__Work to complete__. Your reply should consist only of the lines from the one with "Katoenen Geplooide Wide Leg Broek" through the end of the entries, transcribed exactly. Pictures stay out.

Caption-style text data:

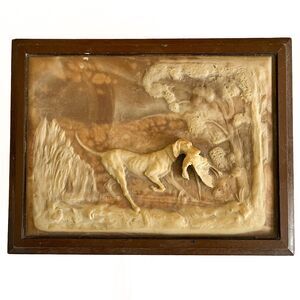 Vintage Deco-Tel Wood Inlay Box with Hunting Dog Motif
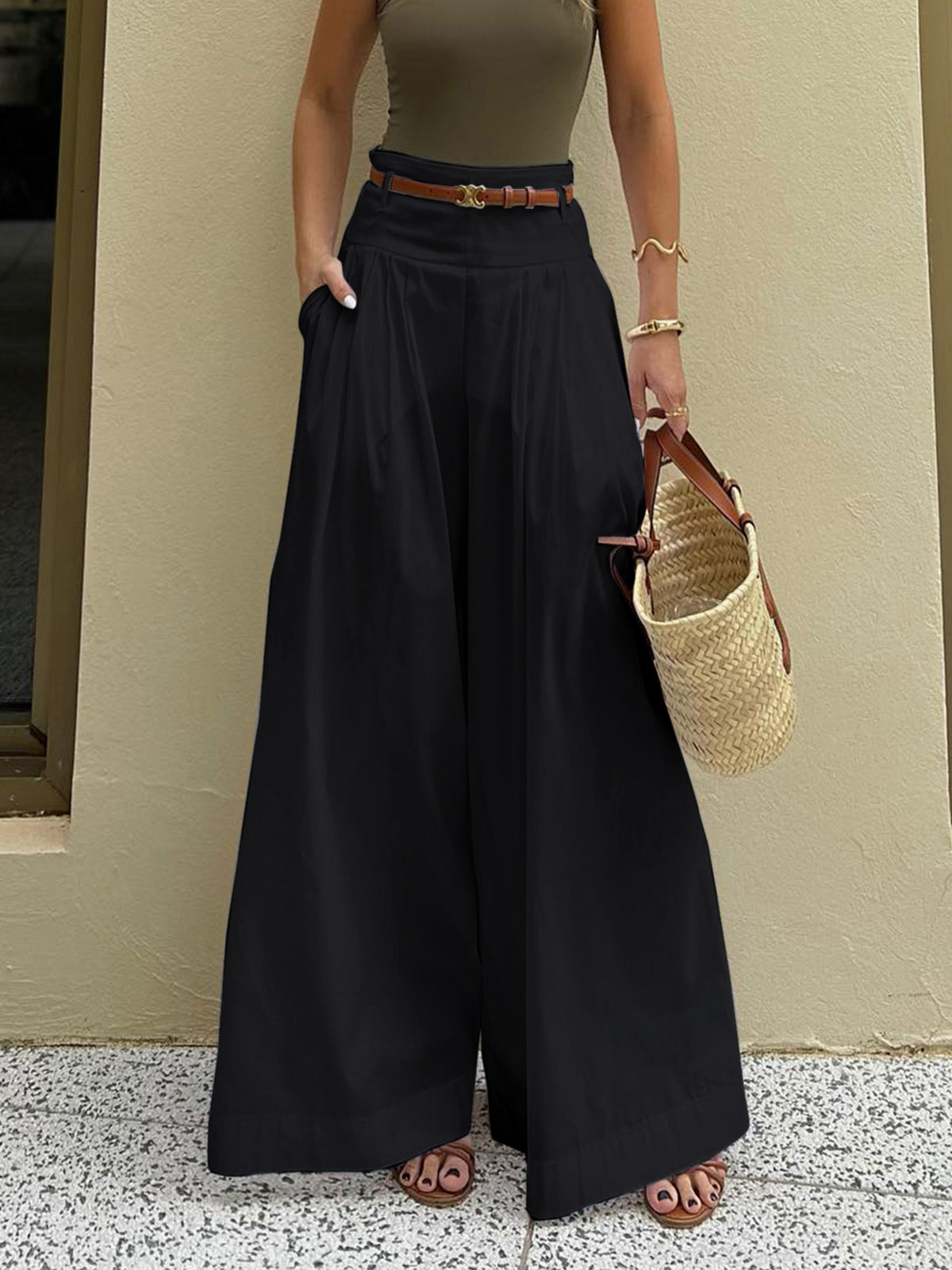 Katoenen Geplooide Wide Leg Broek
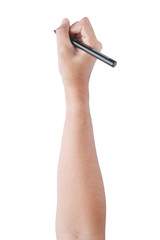 Hand Holding Pen. Writing hand. male hand hold black pen write on the wall isolated on white Background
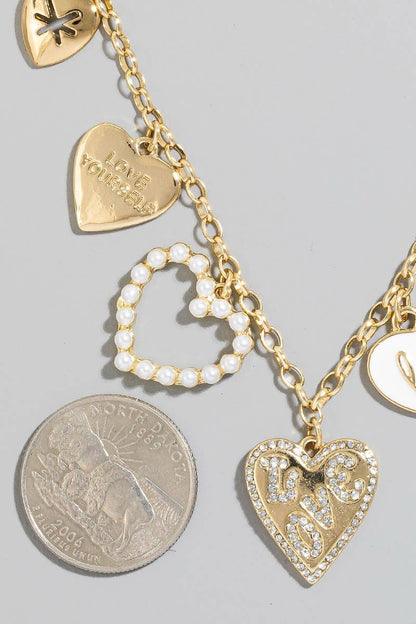 Assorted Love Heart Charm Necklace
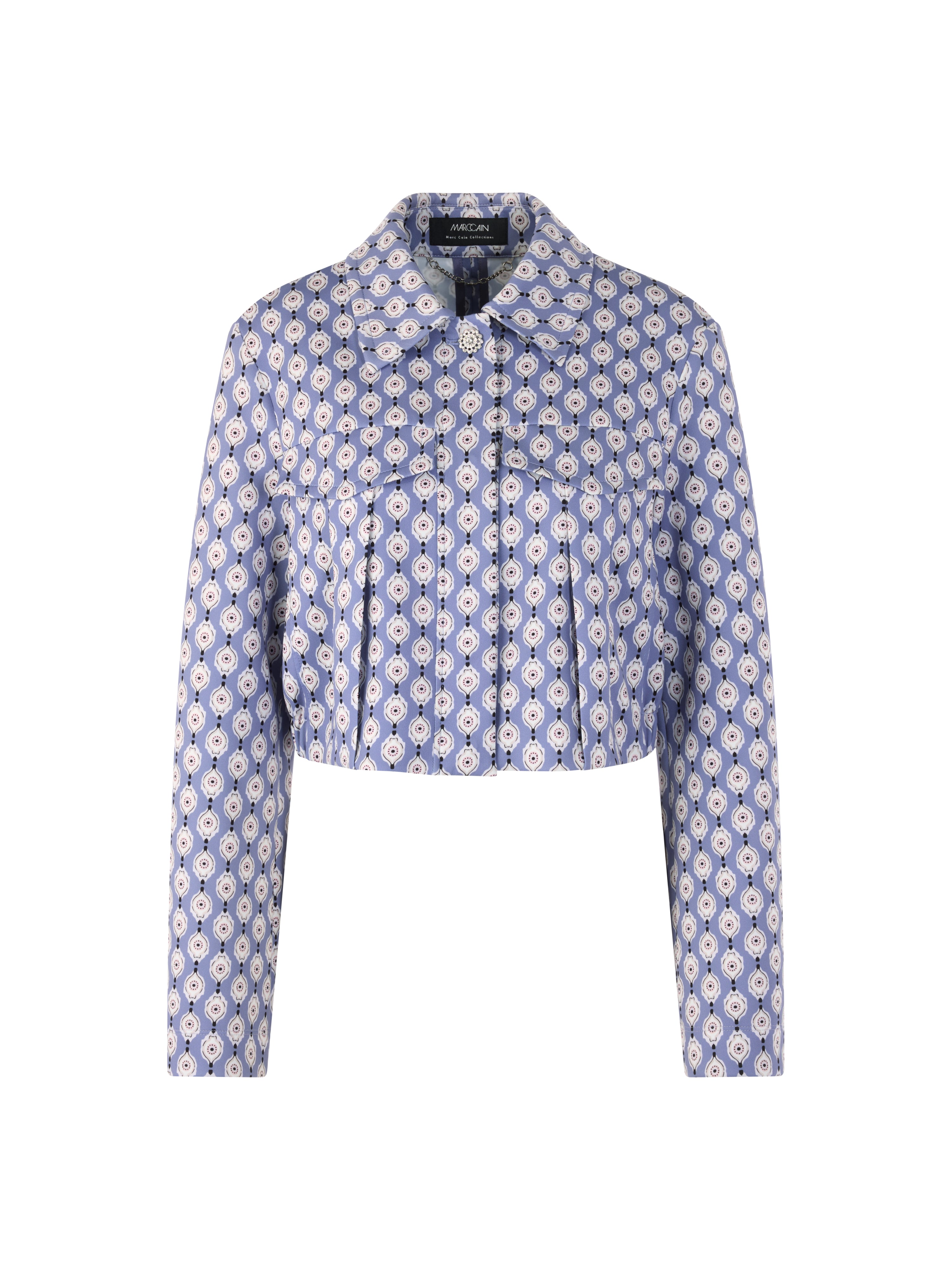 ז'קט קרופ עשוי בד סקובה בגזרה ישרה עם הדפס הרכב: 87% פוליאסטר, 13% אלסטןהדוגמנית בגובה 1.79 ולובשת מידה 3 של מארק קיין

__Task output__.
 Katoenen Geplooide Wide Leg Broek
 Hand Holding Pen. Writing hand. male hand hold black pen write on the wall isolated on white Background
 Assorted Love Heart Charm Necklace
 ז'קט קרופ עשוי בד סקובה בגזרה ישרה עם הדפס הרכב: 87% פוליאסטר, 13% אלסטןהדוגמנית בגובה 1.79 ולובשת מידה 3 של מארק קיין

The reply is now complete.